### TASK INSTRUCTIONS
Search the data below for the string "schwarz" and copy all lines where it shows up.

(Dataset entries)
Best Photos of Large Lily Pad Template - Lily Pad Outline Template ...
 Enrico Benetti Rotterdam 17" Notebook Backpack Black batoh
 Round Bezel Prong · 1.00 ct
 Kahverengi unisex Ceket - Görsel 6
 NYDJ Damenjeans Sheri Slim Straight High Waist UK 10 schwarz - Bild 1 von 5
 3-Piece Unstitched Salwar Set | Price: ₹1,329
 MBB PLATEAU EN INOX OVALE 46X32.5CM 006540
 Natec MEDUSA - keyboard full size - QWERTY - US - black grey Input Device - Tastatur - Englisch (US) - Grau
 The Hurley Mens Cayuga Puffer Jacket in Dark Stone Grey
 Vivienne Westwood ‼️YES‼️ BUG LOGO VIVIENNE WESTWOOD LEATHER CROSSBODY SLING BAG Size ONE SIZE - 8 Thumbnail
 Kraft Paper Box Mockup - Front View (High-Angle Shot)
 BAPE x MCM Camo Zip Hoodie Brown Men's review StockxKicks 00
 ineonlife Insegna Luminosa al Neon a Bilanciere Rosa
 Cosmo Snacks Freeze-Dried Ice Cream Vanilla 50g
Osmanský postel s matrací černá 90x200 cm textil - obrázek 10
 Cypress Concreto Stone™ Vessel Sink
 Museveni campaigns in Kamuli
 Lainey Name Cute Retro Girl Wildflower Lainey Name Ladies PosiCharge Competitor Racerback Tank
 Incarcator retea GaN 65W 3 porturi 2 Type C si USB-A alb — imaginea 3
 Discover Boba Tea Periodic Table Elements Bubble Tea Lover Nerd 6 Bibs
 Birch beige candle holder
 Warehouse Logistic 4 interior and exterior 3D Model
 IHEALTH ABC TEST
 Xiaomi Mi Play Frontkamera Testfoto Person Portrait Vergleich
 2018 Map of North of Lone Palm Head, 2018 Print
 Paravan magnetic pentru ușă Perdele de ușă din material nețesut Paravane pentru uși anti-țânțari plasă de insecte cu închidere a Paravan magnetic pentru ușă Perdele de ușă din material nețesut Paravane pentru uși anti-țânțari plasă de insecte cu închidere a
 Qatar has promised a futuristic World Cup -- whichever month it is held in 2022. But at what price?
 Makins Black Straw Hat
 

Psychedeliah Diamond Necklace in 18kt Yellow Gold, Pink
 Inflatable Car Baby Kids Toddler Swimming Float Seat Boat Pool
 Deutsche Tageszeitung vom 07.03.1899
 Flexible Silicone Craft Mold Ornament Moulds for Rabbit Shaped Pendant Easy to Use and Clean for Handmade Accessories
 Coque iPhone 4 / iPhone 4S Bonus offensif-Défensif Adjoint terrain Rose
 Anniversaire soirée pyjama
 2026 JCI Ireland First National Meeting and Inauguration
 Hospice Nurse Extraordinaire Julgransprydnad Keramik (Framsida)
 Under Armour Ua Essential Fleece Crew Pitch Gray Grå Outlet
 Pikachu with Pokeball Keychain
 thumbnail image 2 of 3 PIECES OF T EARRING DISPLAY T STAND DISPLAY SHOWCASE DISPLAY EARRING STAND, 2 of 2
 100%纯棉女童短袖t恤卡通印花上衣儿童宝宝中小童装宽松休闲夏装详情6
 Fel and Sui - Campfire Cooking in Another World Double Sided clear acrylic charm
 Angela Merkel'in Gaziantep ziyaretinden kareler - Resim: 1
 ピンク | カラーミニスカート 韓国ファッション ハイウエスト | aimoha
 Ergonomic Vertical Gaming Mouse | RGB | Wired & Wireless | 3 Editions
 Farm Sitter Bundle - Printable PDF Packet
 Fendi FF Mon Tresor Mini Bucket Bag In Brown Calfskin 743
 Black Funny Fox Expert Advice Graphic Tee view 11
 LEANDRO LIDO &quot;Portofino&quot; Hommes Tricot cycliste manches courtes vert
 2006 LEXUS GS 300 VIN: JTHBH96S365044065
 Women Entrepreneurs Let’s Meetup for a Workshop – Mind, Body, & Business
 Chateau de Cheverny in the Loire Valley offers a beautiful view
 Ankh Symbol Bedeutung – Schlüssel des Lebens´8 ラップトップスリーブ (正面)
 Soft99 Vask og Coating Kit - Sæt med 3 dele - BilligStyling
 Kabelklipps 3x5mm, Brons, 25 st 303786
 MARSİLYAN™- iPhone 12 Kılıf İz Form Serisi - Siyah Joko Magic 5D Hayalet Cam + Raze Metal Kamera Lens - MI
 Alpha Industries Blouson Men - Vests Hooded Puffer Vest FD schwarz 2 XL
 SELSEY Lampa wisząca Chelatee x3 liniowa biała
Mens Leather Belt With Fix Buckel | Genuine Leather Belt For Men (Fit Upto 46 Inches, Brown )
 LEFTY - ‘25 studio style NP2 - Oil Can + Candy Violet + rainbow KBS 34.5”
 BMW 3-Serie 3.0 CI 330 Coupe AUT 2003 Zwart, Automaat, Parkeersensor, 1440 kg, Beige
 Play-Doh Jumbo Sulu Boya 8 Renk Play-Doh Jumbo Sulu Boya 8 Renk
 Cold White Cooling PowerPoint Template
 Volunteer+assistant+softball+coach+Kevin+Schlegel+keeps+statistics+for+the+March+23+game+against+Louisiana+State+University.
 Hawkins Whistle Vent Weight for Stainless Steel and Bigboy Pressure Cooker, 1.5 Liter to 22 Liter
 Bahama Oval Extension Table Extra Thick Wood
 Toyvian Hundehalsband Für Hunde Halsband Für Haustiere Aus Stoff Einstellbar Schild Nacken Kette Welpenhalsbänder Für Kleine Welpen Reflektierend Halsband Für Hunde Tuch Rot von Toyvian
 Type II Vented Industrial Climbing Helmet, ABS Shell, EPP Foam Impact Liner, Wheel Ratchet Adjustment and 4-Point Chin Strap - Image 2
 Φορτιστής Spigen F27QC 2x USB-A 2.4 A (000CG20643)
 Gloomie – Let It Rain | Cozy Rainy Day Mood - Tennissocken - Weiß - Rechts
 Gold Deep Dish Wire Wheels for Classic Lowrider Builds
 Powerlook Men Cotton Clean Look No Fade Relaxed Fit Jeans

### TASK RESULT
 NYDJ Damenjeans Sheri Slim Straight High Waist UK 10 schwarz - Bild 1 von 5
 Alpha Industries Blouson Men - Vests Hooded Puffer Vest FD schwarz 2 XL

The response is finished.